By blocking used games, the companies will be encouraging people to go and buy the titles on full price instead of acquiring them at cheaper rates through other channels, ones that do not deliver the profits that the company desired.
The former THQ president of core games Richard Browne expressed his support of such measures as mentioned in an editorial published on GamesIndustry International. Contending that the resale of games had a negative impact on the gaming industry as a whole,
he was totally in favour of blocking the owners from played used titles.
Browne went on to add that he would play an active role in encouraging Sony and Microsoft to take up what he referred to as the “Nuclear Option” for the sake of the industry’s future.
“Take a look at the most recent Ninja Gaiden game,” Browne said. “Why does that multiplayer mode exist?
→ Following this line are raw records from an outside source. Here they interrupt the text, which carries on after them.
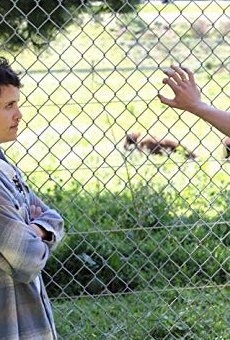 Películas de Tanya Wischerath Películas de Tanya Wischerath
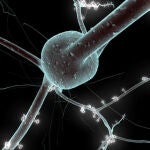 La investigación de la Universidad de Tokyo emplea cultivos de neuronas conectados al robot. En la imagen, recreación 3D de una neurona.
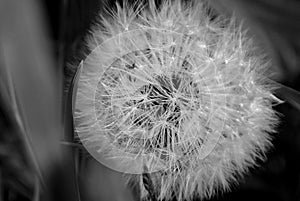 Dandelion on spring field. Black and white image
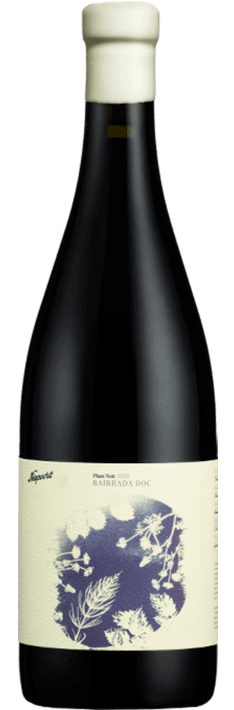
                  
                    Bairrada Niepoort Pinot Noir Tinto
                  
                
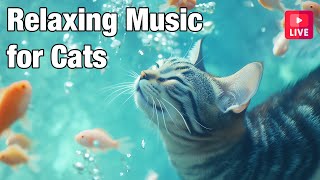 🔴LIVE Cat Music🎵 Calming Music for Cats Deep Sleep🐶 🎵 Separation Anxiety Music for Cats Relax🔴 [upl. by Alamat]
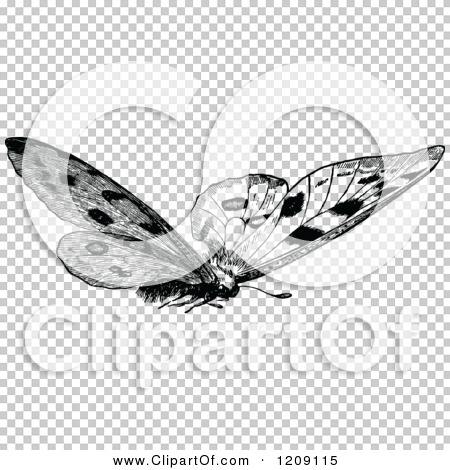 Transparent clip art background preview #COLLC1209115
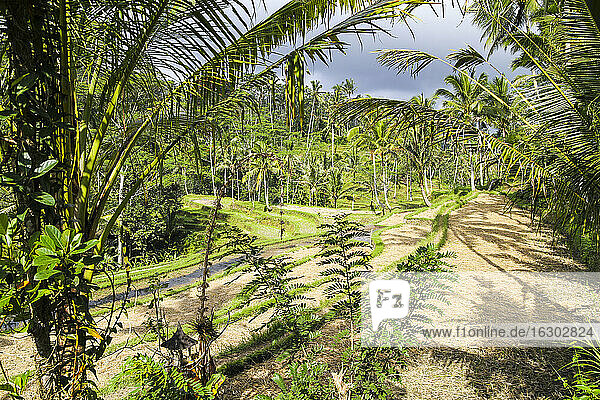 Indonesien  Bali  Tampaksiring  Vegetation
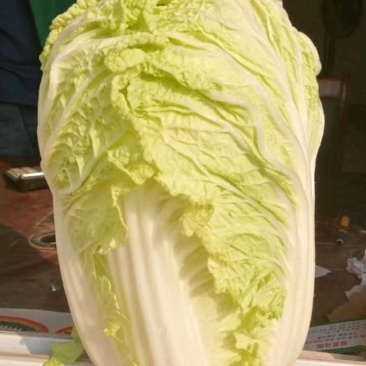 【精品】娃娃菜基地供应一首货源产地销售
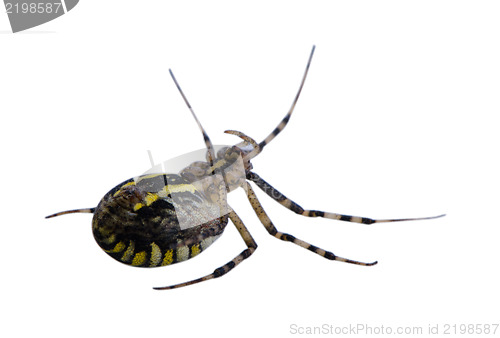 Image of wasp spider turnover isolated on white 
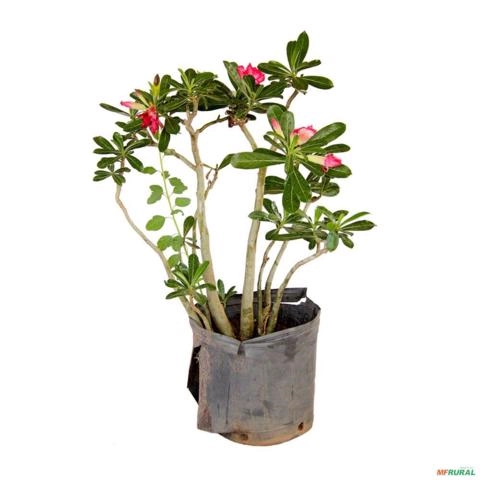 Muda de Rosa do Deserto de 10 a 30 cm Imagem Muda de Rosa do Deserto de 10 a 30 cm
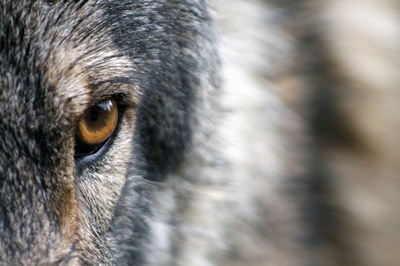 Knowledge transfer on the co-adaptation of humans and wolves in the Alpine region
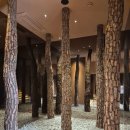 곰소그린 | 씨드그린 베이커리 카페 화담숲 입장전 대기하기 좋은곳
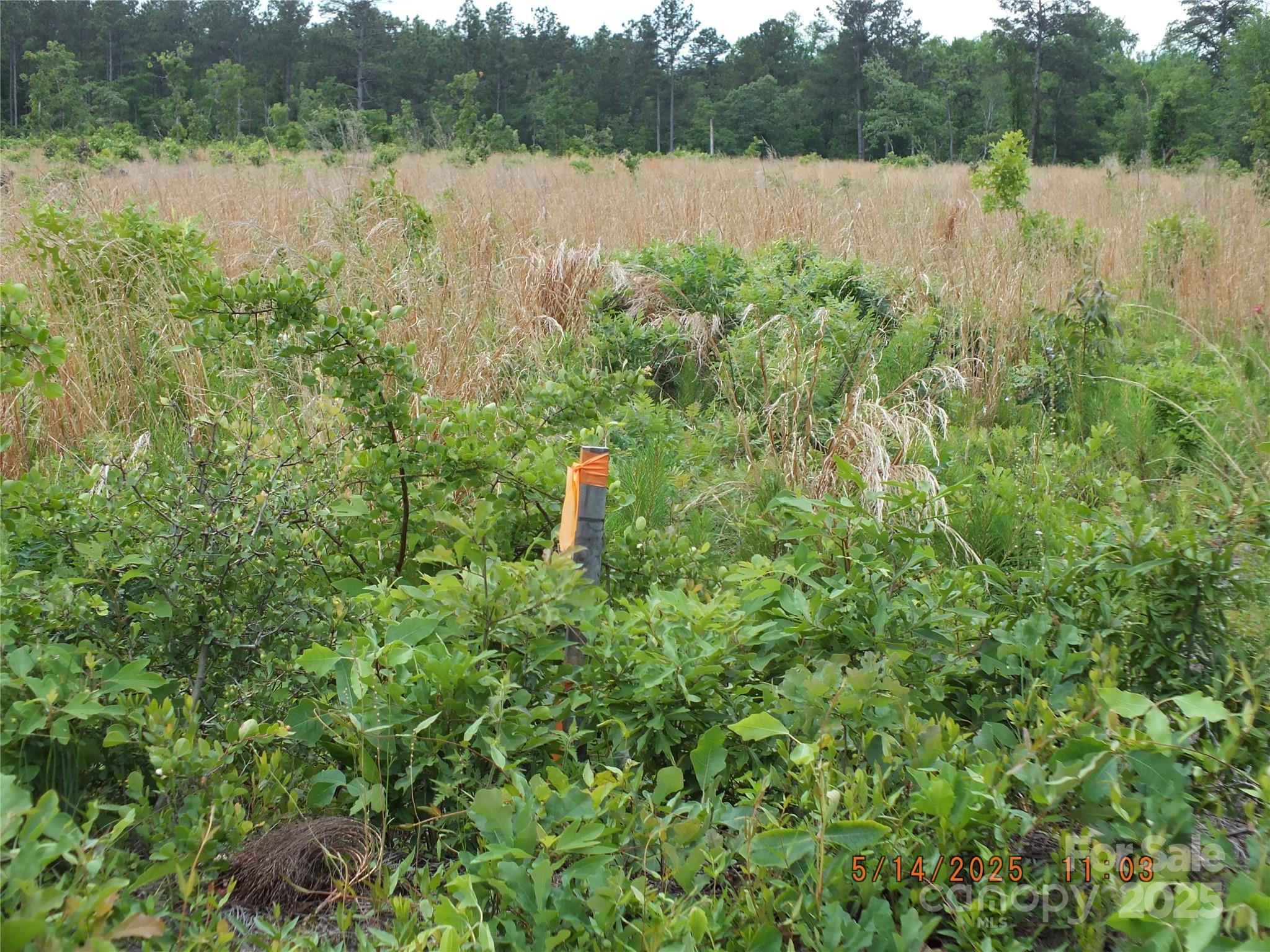 0 Oak Ridge Church Road Kershaw, SC 29067 - Photo 2 of 5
What effect did having to build it have on the single player experience? There is no reason for the multiplayer game to exist; it makes no sense in Ninja
Gaiden's universe. No doubt, the budget and resources for the team weren't massively extended when the request for multiplayer was added, so it absolutely must have materially impacted the people building the core game.”
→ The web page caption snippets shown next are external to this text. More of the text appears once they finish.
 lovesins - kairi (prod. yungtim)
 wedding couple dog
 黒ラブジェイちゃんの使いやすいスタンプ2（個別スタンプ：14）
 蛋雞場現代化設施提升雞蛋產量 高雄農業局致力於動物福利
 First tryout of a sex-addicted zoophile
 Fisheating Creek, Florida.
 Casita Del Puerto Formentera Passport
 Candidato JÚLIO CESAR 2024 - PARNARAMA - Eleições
Further elaborating on the detrimental effects of used game market, Browne pointed out that it discouraged the developers from releasing more titles and even compelling them to pull the plug on projects in some cases.
The gamer community has not received this rumour well and responded by pointing out that the used market has been there for over two decades. However, that had hardly affected the industry, which went to show that it was not actually the second-hand games
but something else that was causing problems for the industry.
Some gamers contended that the there were a number of titles in the shelves that hardly justified the price that a person had to pay for them. It was this factor that pushed gamers from purchasing new titles and instead turn towards the used game market.